The Systems Dynamics Group at MIT have a variety of models in which a human economist or policy maker can “drive” the computer model. In one of these, a seasonal variation in the demand for beer is passed on to the main supplier and its distributors. When a human operator attempts to smooth out fluctuations the system tends to move towards ever more uncontrolled oscillations. (In essence a non-linear iteration is dominating the system.)
Dr. Ping Chen of Univ. Texas at Austin has made an extensive analysis of monetary data from the Federal Reserve and argues that economics contains inherently chaotic behavior. Even if external shocks could be totally eliminated the economy will not run smoothly, for wild fluctuations are inherent in its very dynamics and recessions and downturns are often independent of external shocks. One analyst has suggested that the 10 October 1987 crash arouse out of the non-linear dynamics of the market and not through a combination of external causes.
R.H. Day has made an analysis of a variety of situations, such as investment in competing new technologies which, over time, shows a shift from steady expansion and economic health into one of financial crisis. Day’s agricultural model. in which a variety of factors such as market, prices, supply, investment in new buildings etc., are included, shows an initial set-up period, followed by a five year cycle. In time the system’s internal dynamics change again and move into a period of irregular oscillations.

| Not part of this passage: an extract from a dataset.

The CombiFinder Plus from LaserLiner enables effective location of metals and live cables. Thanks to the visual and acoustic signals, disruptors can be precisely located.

During the former period the economics of the situation are relatively stable but in the latter period they are highly sensitive to any new trend.

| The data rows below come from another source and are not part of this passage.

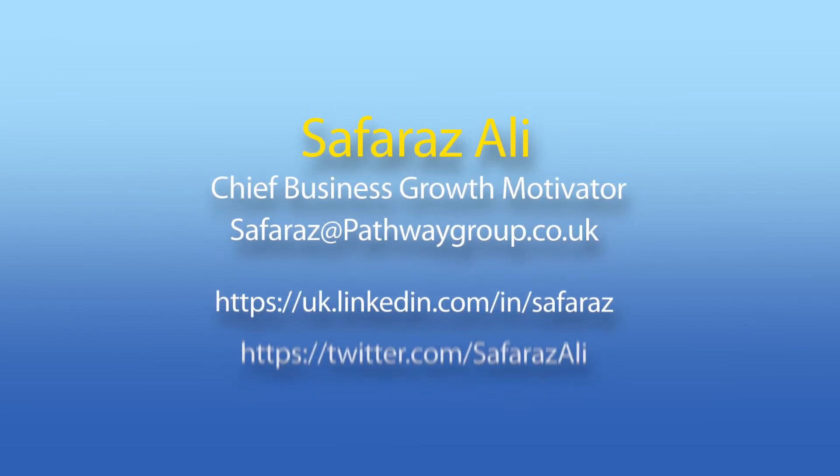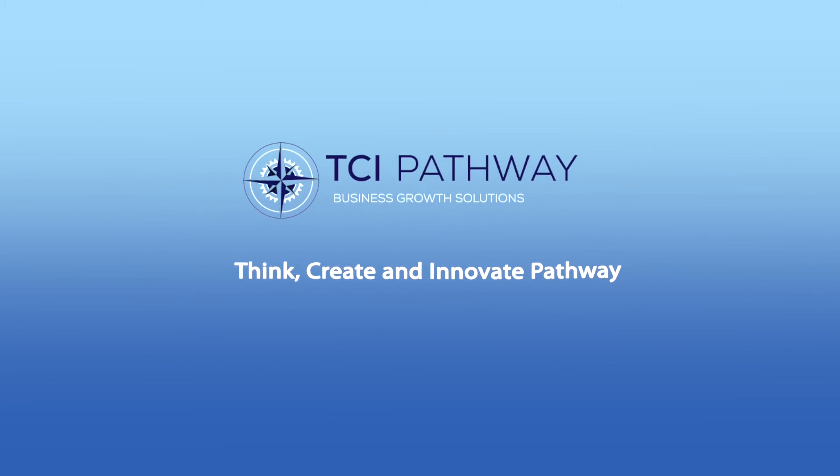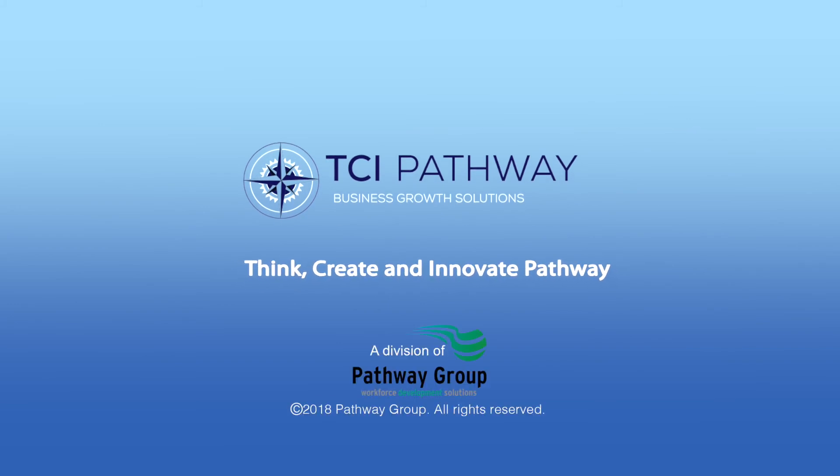Safaraz Ali, Chief Business Growth Motivator, TCI Pathway Limited. Think, Create and Innovate Pathway.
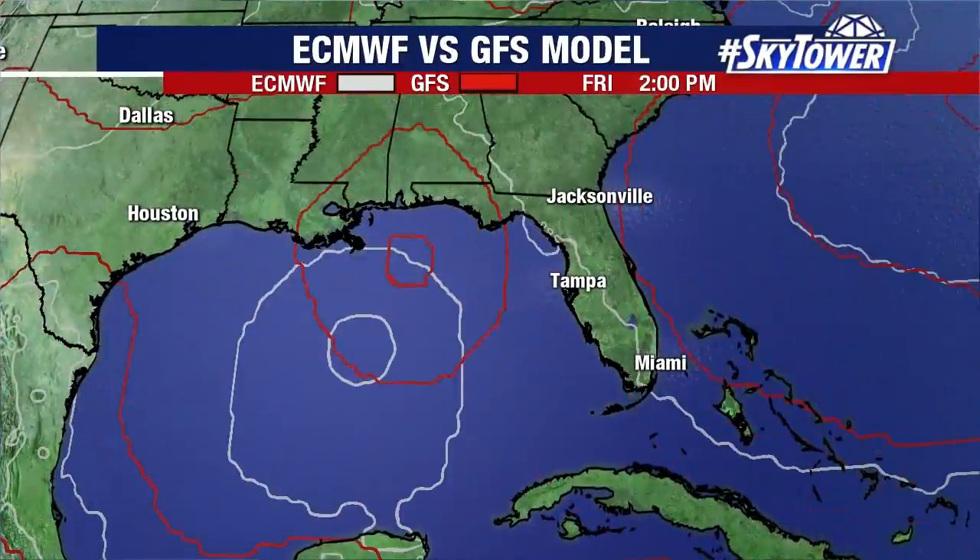This is the GFS versus the European model, both kind of in the same general plan right now with that westerly movement, and then a move to the north and eventually northeast late next week. Once it starts to move back out of the northwestern Caribbean tomorrow and into the weekend, I think we'll start to get a pretty good idea of exactly how this is going to snake its way up to the north and eventually northeast.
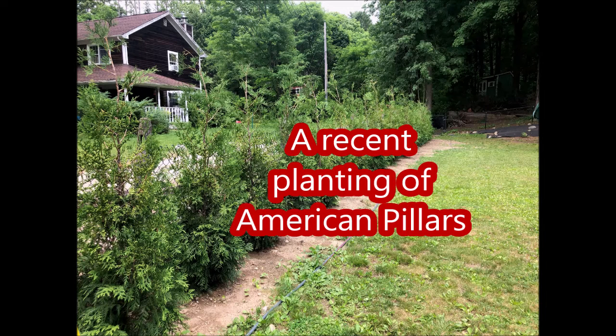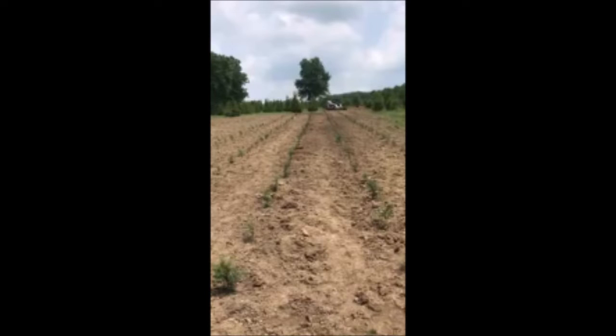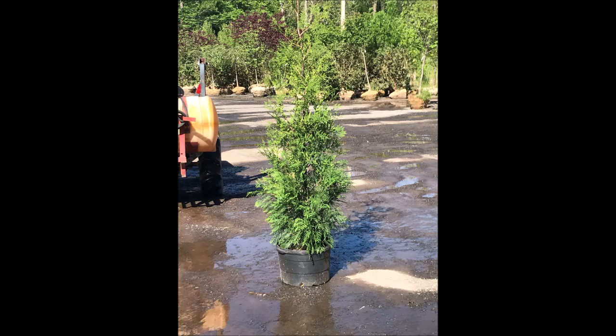This is American Pillar Arborvitae. It's available at Highland Hill Farm in Fountainville, PA. It's a very fast-growing arborvitae. People use this when they don't want to use up a lot of space in their landscape for a screen or a buffer.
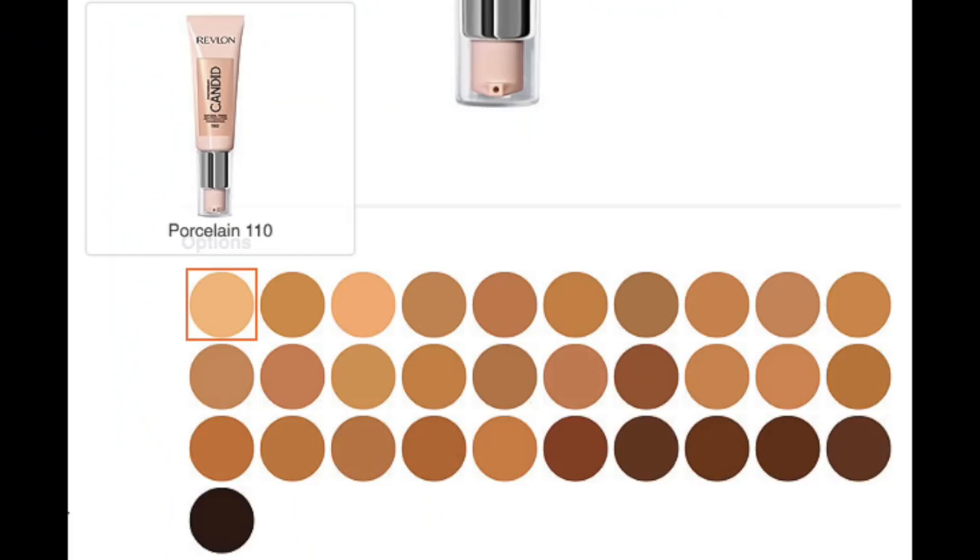The lightest shade right now is Buff 120, and in their normal Revlon ColorStay, Buff is like third or fourth in the line, so I'm assuming they'll come out with lighter shades — especially launching with 30. It's promising, but if you're fairer than me, this one probably won't work for you. As I'm editing this a couple weeks later, I noticed they now have 31 shades and added a new light shade, Porcelain 110. So there is now a lighter shade than when I ordered.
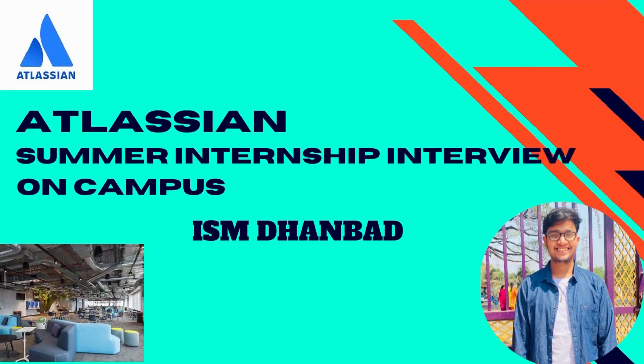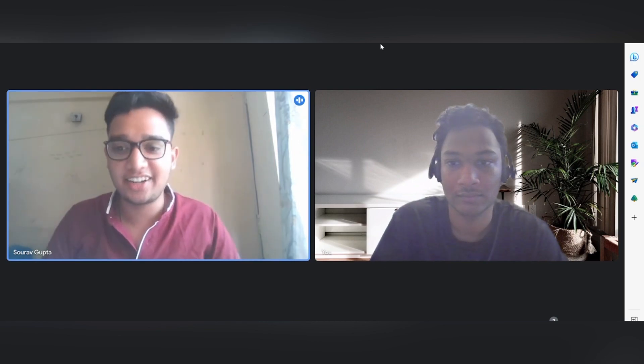Hi everyone, welcome back to my channel. Today we have Saurav here, who's been recently placed at Atlassian as a summer intern as part of his campus placements at ISM Dhanbad. Hi Saurav, congratulations and welcome! I am Saurav Gupta, currently a pre-final year student at IIT ISM Dhanbad, pursuing Bachelor of Technology in Computer Science and Engineering. I bagged an intern at Atlassian and I'm here to share the experience.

In a variety of analyses of different industries and technologies, quite distinct regions of behavior have been discovered, some of these are quite stable, other chaotic, some oscillate violently, or are extremely sensitive to an external trend or perturbation.
iii Order in Chaos
The notion that it is the inherent non-linear dynamics of the market that produce fluctuations rather than a combination of externalities suggests to some analysts that it may be possible to carry out “micro forecasting”. ( A more careful analysis may indicate that it is impossible to separate out endogenous from exogenous causes. ) Some claim to see the characteristics of deterministic chaos – i.e. strange attractors – within economic data. If this is true it suggests that while economic fluctuations are unpredictable they will always lie within certain bounds.
In addition, there are suggestions that a degree of self-similarity holds. Self-similarity is associated with fractal structures and would suggest that a certain range of behavior patterns repeat at various scales of time, from years, months, days and even hours. If this is true then micropredictions will take into account that a random fluctuation will fall within a particular range. A number of investment houses are currently developing sophisticated computer models to investigate this chaotic behavior.
Other analysts are looking for “co-operative effects”, for example, the manifestation of decision processes that are made in a collective way. Often the behavior of a crowd is simpler to predict than that of an individual. So where people respond to the news and other externalities in a collective way it may give rise to predictable results. Or the market itself may exhibit a degree of self organization.
Economics is only one factor in which public policies are concerned. The above brief overview suggests a variety of ways in which non-linearities may be effecting the market. If this is true then it would mean that many economic policies are ineffective and are attempting to change what is inherent in the dynamics of the market itself. Major swings may not be the result of externalities and oscillations may be purely chaotic.